Sunday, April 28, 2019

Spark udemy course notes

Lessons learned

  • Spark is a framework which can manage hadoop clusters in a more efficient way than MapReduce
  • Scala is a programming language which fits into big data. It is similar to java
  • Spark can work with Python Java or Scala, Python is easy but sometimes is slower than Scala, besides Scala is closer to implementation.

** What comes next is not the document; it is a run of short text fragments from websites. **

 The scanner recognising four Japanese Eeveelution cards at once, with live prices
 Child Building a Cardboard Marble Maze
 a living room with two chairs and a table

  • Installation is tricky, what needs to be installed is
  • Problems encountered:
    • Environment variable of Java has to be written as  PROGRA~1 instead of program files
  • Make sure scala version is correct, right click on the project -> Scala -> Set the scala installation
  • When running the configurations, make sure com.sundogsoftware.SPARK.xxxx
  • Concept of spark is similar to hadoop. A driver program with a spark contrext manages worker nodes
  • Scala crash course
    1. Variable initialization val name: type = value;  
val numberOne : Int = 1                         //> numberOne : Int = 1
 val truth : Boolean = true                      //> truth : Boolean = true
 val letterA : Char = 'a'                        //> letterA : Char = a
 val pi : Double = 3.14159265                    //> pi : Double = 3.14159265
 val piSinglePrecision : Float = 3.14159265f     //> piSinglePrecision : Float = 3.1415927
 val bigNumber : Long = 1234567890l              //> bigNumber : Long = 1234567890
 val smallNumber : Byte = 127                    //> smallNumber : Byte = 127
    1. Printing out can be done with specific precision
println(f"Pi is about $piSinglePrecision%.3f")  //> Pi is about 3.142
    1. Pad zeros on the left
println(f"Zero padding on the left: $numberOne%05d")

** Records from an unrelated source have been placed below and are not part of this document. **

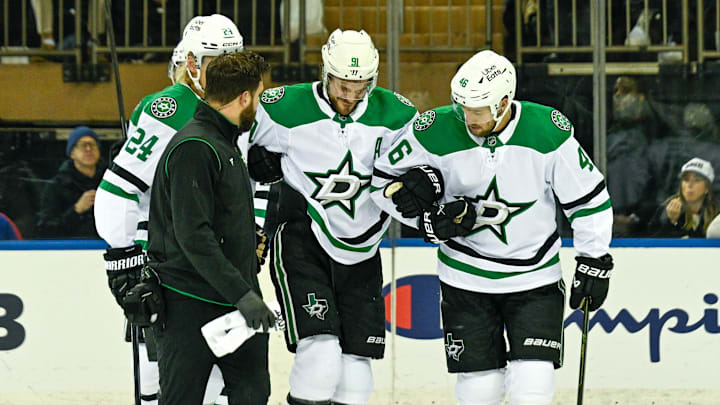 Dec 2, 2025; New York, New York, USA; Dallas Stars center Tyler Seguin (91) helped off the ice by Dallas Stars center Roope Hintz (24) and Dallas Stars defenseman Ilya Lyubushkin (46) in the game against the New York Rangers during the first period at Madison Square Garden. Mandatory Credit: Dennis Schneidler-Imagn Images Dec 2, 2025; New York, New York, USA; Dallas Stars center Tyler Seguin (91) helped off the ice by Dallas Stars center Roope Hintz (24) and Dallas Stars defenseman Ilya Lyubushkin (46) in the game against the New York Rangers during the first period at Madison Square Garden. Mandatory Credit: Dennis Schneidler-Imagn Images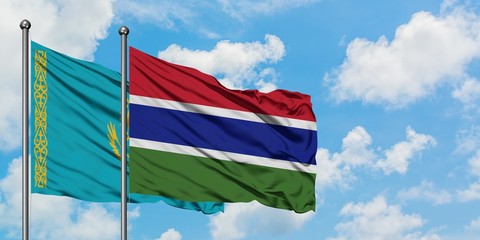 Kazakhstan and Gambia flag waving in the wind against white cloudy blue sky together. Diplomacy concept, international relations.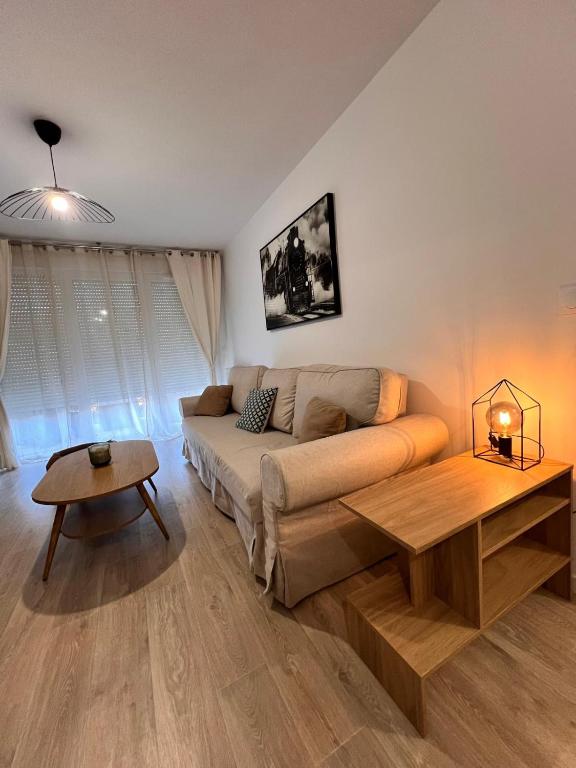 a living room with a couch and a table at T2 Cosy avec Terrasse & 2 parkings privés in Saint-André-de-Cubzac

    1. Variables can be printed with $name
println(s"I can use the s prefix to use variables like $numberOne $truth $letterA")
    1. Expressions can be evaluated between curly brackets
println(s"The s prefix isn't limited to variables; I can include any expression. Like ${1+2}")
    1. Regular expressions can be evaluated with .r after the string
 val theUltimateAnswer: String = "To life, the universe, and everything is 42."
                                                 //> theUltimateAnswer : String = To life, the universe, and everything is 42.
                                                 //|
 val pattern = """.* ([\d]+).*""".r              //> pattern : scala.util.matching.Regex = .* ([\d]+).*
 val pattern(answerString) = theUltimateAnswer   //> answerString : String = 42
 val answer = answerString.toInt                 //> answer : Int = 42
 println(answer)                                 //> 42
    1. For loops uses  x <- 1 to 4
for (x <- 1 to 4)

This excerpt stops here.